> **What this task involves**
Scan the records below for the line containing "Photo Marché de" and the line containing "Damskie spodnie dresowe". Copy both, plus every line between, exactly.

*** Records for this task ***

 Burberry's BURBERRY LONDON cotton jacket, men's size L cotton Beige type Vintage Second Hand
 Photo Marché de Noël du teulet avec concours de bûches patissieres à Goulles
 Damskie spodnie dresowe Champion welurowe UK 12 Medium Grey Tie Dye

*** End of Records for this task ***
*** Records for this task ***

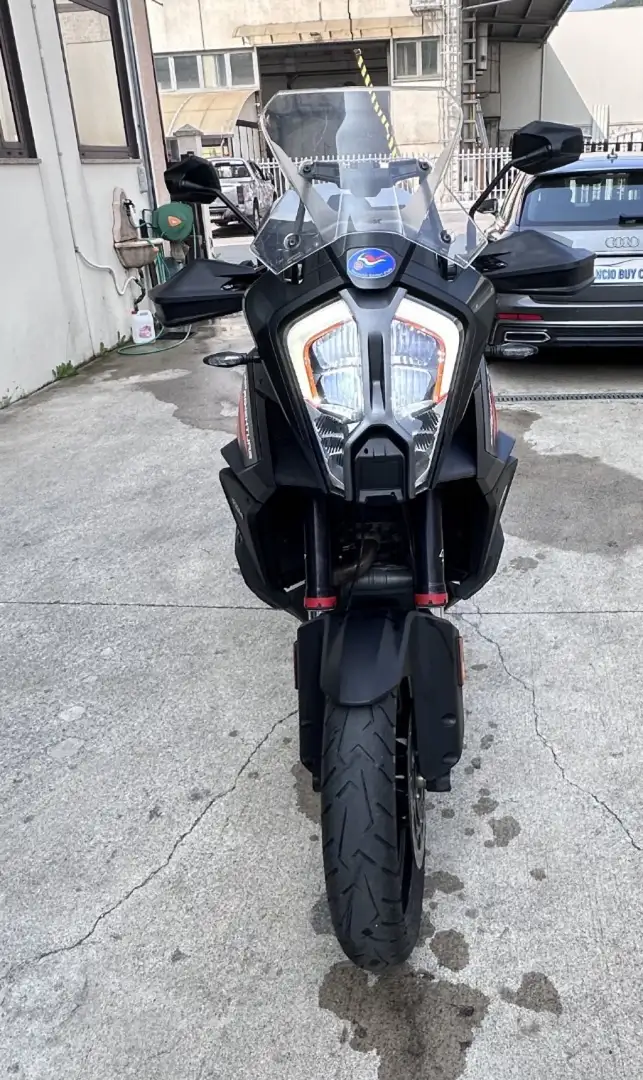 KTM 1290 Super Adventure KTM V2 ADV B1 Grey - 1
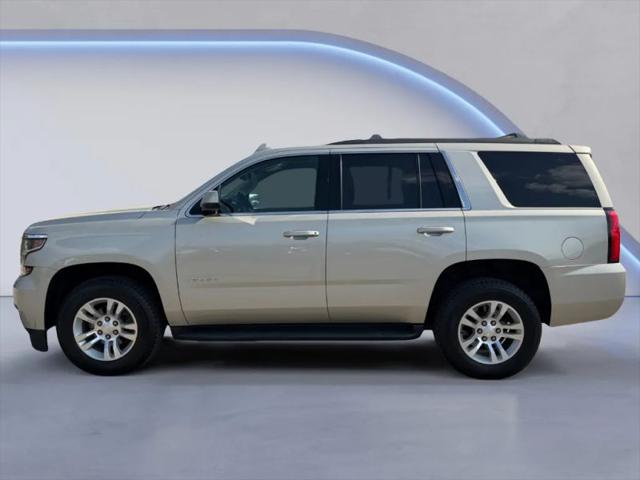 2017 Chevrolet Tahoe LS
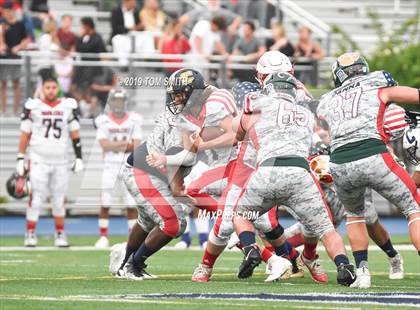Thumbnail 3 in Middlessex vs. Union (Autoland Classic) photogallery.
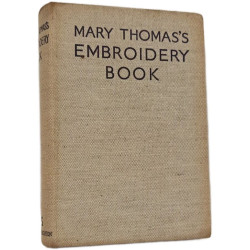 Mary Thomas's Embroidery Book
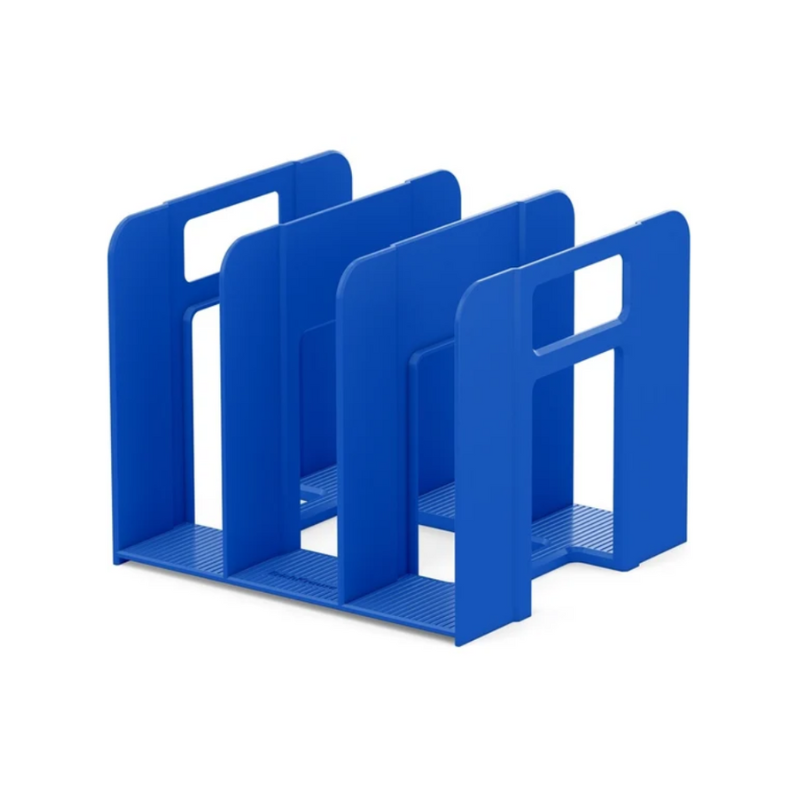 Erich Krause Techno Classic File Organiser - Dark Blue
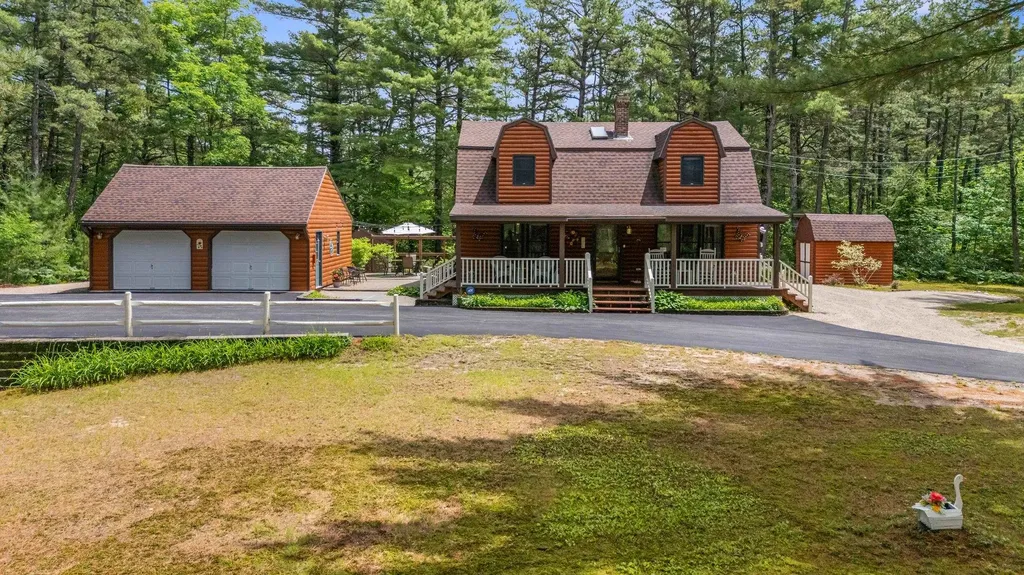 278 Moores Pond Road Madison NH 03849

*** End of Records for this task ***

> **Result for this task**
 Photo Marché de Noël du teulet avec concours de bûches patissieres à Goulles
 Damskie spodnie dresowe Champion welurowe UK 12 Medium Grey Tie Dye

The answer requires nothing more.